[Start of section]

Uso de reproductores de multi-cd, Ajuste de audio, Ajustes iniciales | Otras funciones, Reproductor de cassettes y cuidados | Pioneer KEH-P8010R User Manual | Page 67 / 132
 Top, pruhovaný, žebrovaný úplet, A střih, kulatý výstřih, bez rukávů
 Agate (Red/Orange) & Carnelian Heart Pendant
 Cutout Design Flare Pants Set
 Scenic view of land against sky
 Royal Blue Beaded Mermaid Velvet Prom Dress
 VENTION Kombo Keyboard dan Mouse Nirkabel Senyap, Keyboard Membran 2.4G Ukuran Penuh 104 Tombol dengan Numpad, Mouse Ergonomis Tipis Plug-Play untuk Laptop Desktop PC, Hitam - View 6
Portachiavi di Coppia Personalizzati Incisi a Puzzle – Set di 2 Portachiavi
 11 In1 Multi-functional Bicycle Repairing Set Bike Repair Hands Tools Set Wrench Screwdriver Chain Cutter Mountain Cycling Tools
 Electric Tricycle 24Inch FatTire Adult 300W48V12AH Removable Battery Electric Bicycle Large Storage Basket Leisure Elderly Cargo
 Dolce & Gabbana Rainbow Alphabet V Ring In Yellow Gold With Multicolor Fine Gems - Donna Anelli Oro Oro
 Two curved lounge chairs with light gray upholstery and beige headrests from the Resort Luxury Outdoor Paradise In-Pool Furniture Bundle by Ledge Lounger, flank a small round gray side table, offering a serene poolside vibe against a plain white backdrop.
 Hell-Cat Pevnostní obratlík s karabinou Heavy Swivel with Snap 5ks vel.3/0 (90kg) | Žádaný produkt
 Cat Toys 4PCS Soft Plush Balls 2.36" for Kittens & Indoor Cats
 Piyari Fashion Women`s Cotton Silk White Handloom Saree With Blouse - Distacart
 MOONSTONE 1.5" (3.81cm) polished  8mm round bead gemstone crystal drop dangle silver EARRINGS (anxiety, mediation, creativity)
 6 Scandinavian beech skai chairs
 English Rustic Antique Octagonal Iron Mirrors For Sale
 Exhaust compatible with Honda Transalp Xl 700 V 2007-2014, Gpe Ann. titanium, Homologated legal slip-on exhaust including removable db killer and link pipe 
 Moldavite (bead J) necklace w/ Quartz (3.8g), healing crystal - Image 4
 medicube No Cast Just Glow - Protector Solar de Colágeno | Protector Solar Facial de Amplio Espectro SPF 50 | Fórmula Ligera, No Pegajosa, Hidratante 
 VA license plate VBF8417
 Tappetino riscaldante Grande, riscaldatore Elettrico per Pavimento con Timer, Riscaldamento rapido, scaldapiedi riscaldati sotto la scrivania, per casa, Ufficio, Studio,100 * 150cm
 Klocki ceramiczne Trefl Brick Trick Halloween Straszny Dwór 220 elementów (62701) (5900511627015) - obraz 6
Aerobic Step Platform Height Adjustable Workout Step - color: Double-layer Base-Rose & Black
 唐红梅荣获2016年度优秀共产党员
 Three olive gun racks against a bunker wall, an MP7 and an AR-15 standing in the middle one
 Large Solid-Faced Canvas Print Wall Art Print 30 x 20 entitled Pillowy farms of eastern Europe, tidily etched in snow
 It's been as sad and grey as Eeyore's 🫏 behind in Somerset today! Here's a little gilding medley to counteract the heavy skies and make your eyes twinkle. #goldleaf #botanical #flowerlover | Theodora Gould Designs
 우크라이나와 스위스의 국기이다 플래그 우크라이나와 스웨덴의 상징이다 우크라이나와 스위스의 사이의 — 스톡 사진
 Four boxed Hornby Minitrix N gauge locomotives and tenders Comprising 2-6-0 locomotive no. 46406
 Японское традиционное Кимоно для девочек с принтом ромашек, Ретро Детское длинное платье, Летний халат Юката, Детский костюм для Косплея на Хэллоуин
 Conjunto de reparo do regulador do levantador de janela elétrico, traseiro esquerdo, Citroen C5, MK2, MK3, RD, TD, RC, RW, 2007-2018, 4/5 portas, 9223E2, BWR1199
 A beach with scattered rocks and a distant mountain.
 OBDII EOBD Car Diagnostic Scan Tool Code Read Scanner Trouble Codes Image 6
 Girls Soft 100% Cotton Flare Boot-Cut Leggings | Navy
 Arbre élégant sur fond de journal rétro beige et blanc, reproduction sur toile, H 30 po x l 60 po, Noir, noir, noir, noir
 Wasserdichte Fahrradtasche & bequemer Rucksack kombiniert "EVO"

[End of section]

● Task item
Pull out every line in the data above that has the word "Large".

● Result
 Electric Tricycle 24Inch FatTire Adult 300W48V12AH Removable Battery Electric Bicycle Large Storage Basket Leisure Elderly Cargo
 Large Solid-Faced Canvas Print Wall Art Print 30 x 20 entitled Pillowy farms of eastern Europe, tidily etched in snow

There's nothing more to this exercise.